[
https://issues.apache.org/jira/browse/FLINK-32008?page=com.atlassian.jira.plugin.system.issuetabpanels:comment-tabpanel&focusedCommentId=17726311#comment-17726311
]
Ryan Skraba commented on FLINK-32008:
-------------------------------------
Hello, thanks for the example project! That's so helpful to reproduce and
debug.
The *current* file strategy for protobuf in Flink is to write one record
serialized as binary per line, adding a *{{0x0a}}*. Your example message is
serialized as:
{code}
12 06 0a 01 61 12 01 62 0a
{code}
The first *{{0a}}* is the protobuf encoding for the key field in the map. The
last *{{0a}}* is a new line (which probably shouldn't be there).
When reading, from a file, splits are calculated and assigned to tasks using
the *{{0a}}* as a delimiter, which is very, very likely to fail and a fault in
the protobuf file implementation of Flink.
I'm guessing this isn't limited to maps, we can expect this delimiter byte to
occur many different ways in the protobuf binary.
If this hasn't been addressed, it's probably because it's pretty rare to store
protobuf messages in a file container (as opposed to in a single message
packet, or a table cell). Do you have a good use case that we can use to guide
what we expect Flink to do with protobuf files?
For info, nothing in the Protobuf encoding that can be used to [distinguish the
start or end|https://protobuf.dev/programming-guides/techniques/#streaming] of
a message. If we want to store multiple messages in the same container (file
or any sequence of bytes), we have to manage the indices ourselves The above
link recommends writing the message size followed by the binary (in Java, this
is using {{writeDelimitedTo}}/{{parseDelimitedFrom}} instead of
{{writeTo}}/{{parseFrom}}, for example).
> Protobuf format throws exception with Map datatype
> --------------------------------------------------
>
> Key: FLINK-32008
> URL: https://issues.apache.org/jira/browse/FLINK-32008
> Project: Flink
> Issue Type: Bug
> Components: Formats (JSON, Avro, Parquet, ORC, SequenceFile)
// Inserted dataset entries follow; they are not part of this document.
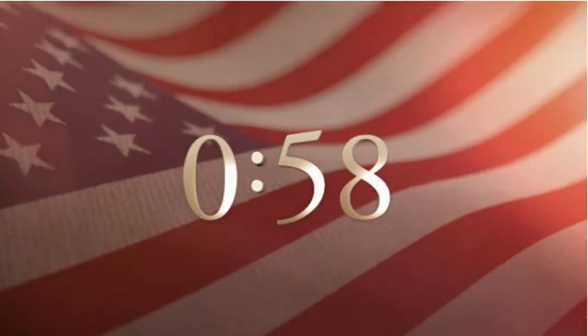As we begin a new day, let us pause for the moment of silence. Thank you.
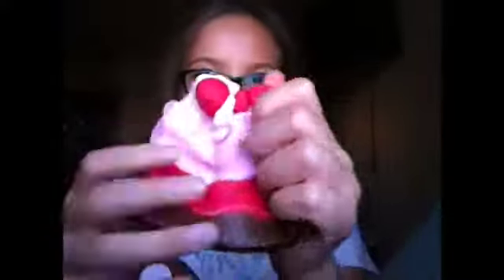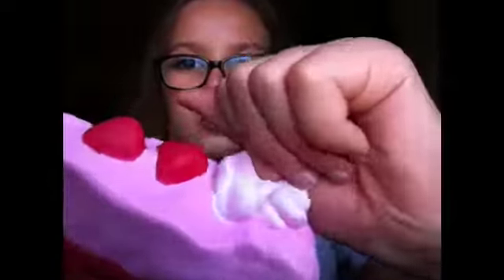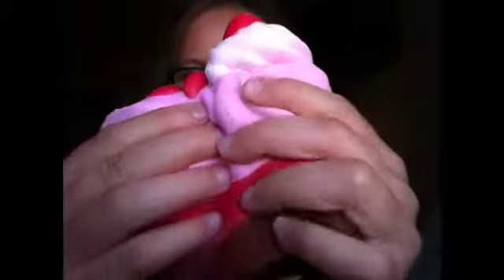Holy cow — this is so soft! I never thought that Walmart would ever sell squishies. I love this one so much.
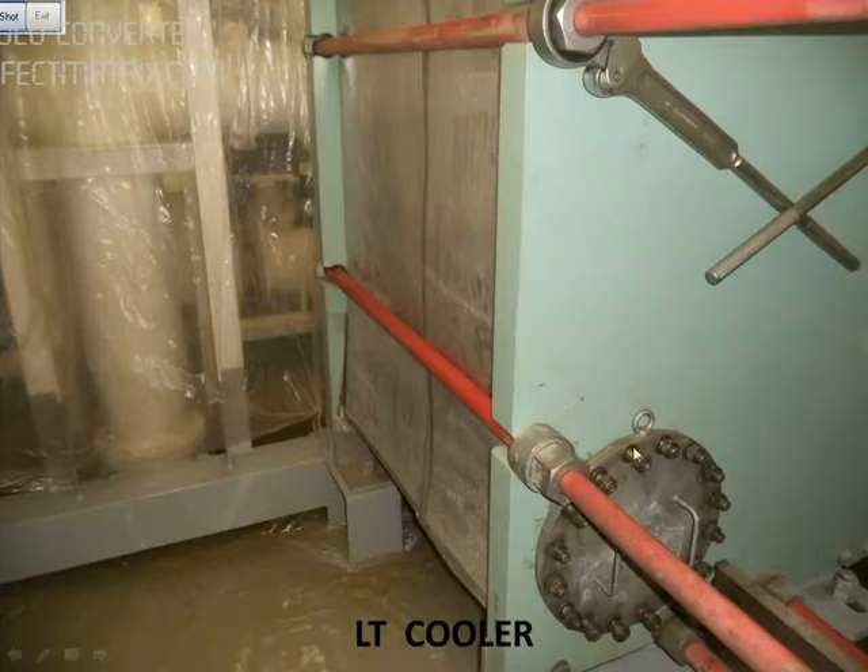Once the system is isolated, we will drain the sea water by opening this cover where the filters are. We also measure this distance so that after we clean the plates, we can tighten back to the same distance.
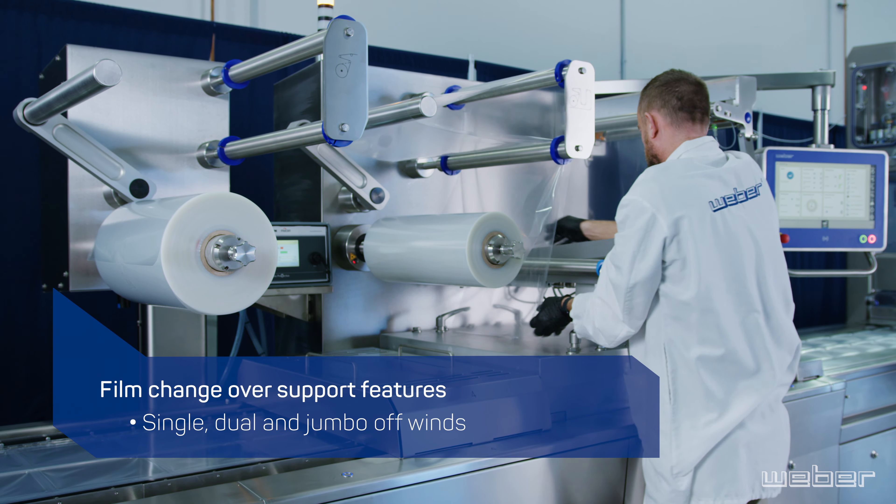The same splicing table, auto roller position adjustment, auto film tracking, servo control, end of reel pre-warning and splice detection are all features geared towards reducing downtime and to eliminate materials waste.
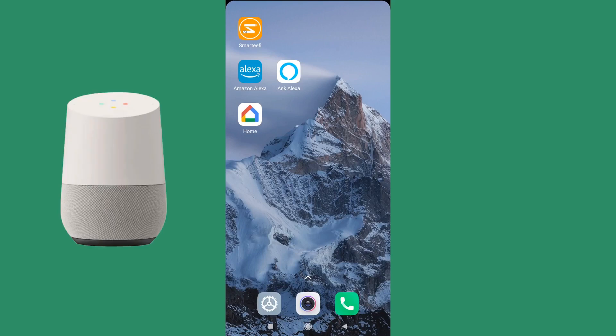Hello friends, welcome to another video from Smartify. In this video we will show you how to link Google Home with your Smartify account.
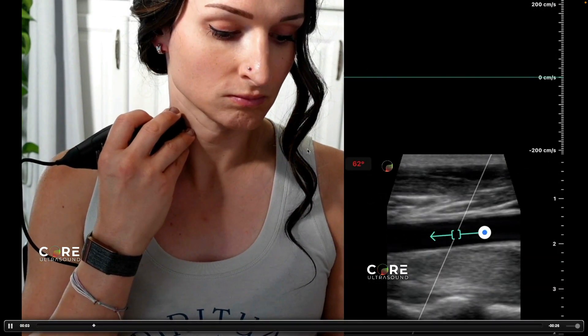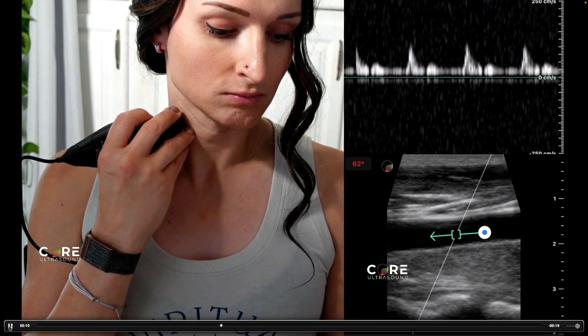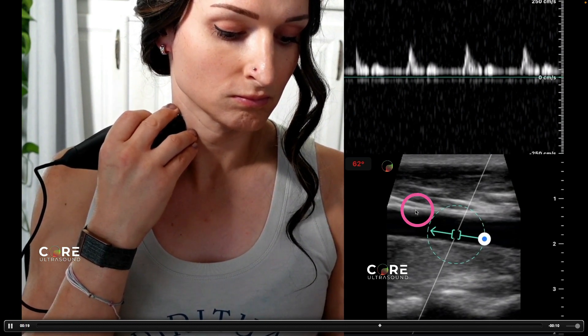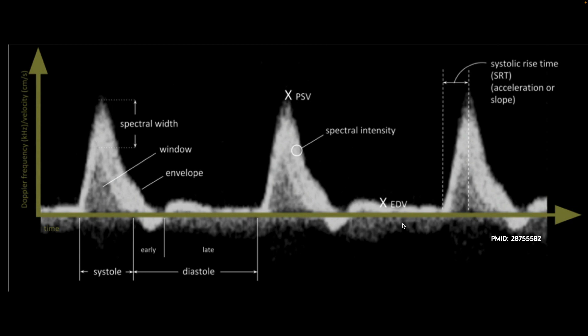Here's a pulsed wave Doppler example using the carotid artery in long axis. The signal is positive because blood is moving in a direction tilted toward the transducer, giving us this positive deflection. If I rotate the transducer 180 degrees — same vessel, but flipped — blood is now moving away from the transducer, giving us a negative deflection. Remember, the Doppler signal is all about directionality relative to the probe itself. For a thorough review of the nuances of pulsed wave Doppler, please check out the referenced PubMed article.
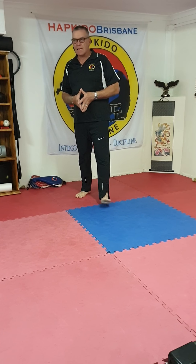Hi, Hap Keto Brisbane. This is the first video created from a request. I've had a request for some stretching that is specifically to help with kicking. Basically all of the stretching we do in class and after class, if it's done properly and done often enough, it's going to benefit kicking.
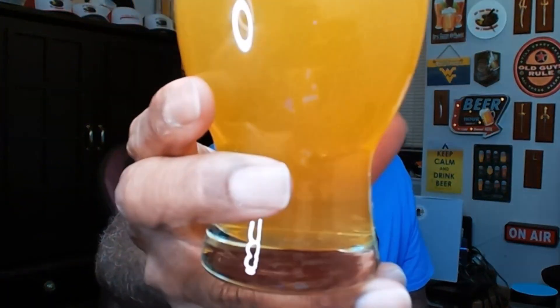Just from the pour itself I'm already picking up a nice aroma. I'm getting a nice feel of grapefruit — it really does have a grapefruit juicy-juice type feel. I do pick up some lime and some of the agave. It's got a nice tartness coming off of it as well, but overall a very nice aromatic.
> Affects Versions: 1.17.0
> Reporter: Xuannan Su
> Priority: Major
> Attachments: flink-protobuf-example.zip
>
>
> The protobuf format throws exception when working with Map data type. I
> uploaded a example project to reproduce the problem.
>
> {code:java}
> Caused by: java.lang.RuntimeException: One or more fetchers have encountered
> exception
> at
> org.apache.flink.connector.base.source.reader.fetcher.SplitFetcherManager.checkErrors(SplitFetcherManager.java:261)
> at
> org.apache.flink.connector.base.source.reader.SourceReaderBase.getNextFetch(SourceReaderBase.java:169)
> at
> org.apache.flink.connector.base.source.reader.SourceReaderBase.pollNext(SourceReaderBase.java:131)
> at
> org.apache.flink.streaming.api.operators.SourceOperator.emitNext(SourceOperator.java:417)
> at
> org.apache.flink.streaming.runtime.io.StreamTaskSourceInput.emitNext(StreamTaskSourceInput.java:68)
> at
> org.apache.flink.streaming.runtime.io.StreamOneInputProcessor.processInput(StreamOneInputProcessor.java:65)
> at
> org.apache.flink.streaming.runtime.tasks.StreamTask.processInput(StreamTask.java:550)
> at
> org.apache.flink.streaming.runtime.tasks.mailbox.MailboxProcessor.runMailboxLoop(MailboxProcessor.java:231)
> at
> org.apache.flink.streaming.runtime.tasks.StreamTask.runMailboxLoop(StreamTask.java:839)
> at
> org.apache.flink.streaming.runtime.tasks.StreamTask.invoke(StreamTask.java:788)
> at
> org.apache.flink.runtime.taskmanager.Task.runWithSystemExitMonitoring(Task.java:952)
> at
> org.apache.flink.runtime.taskmanager.Task.restoreAndInvoke(Task.java:931)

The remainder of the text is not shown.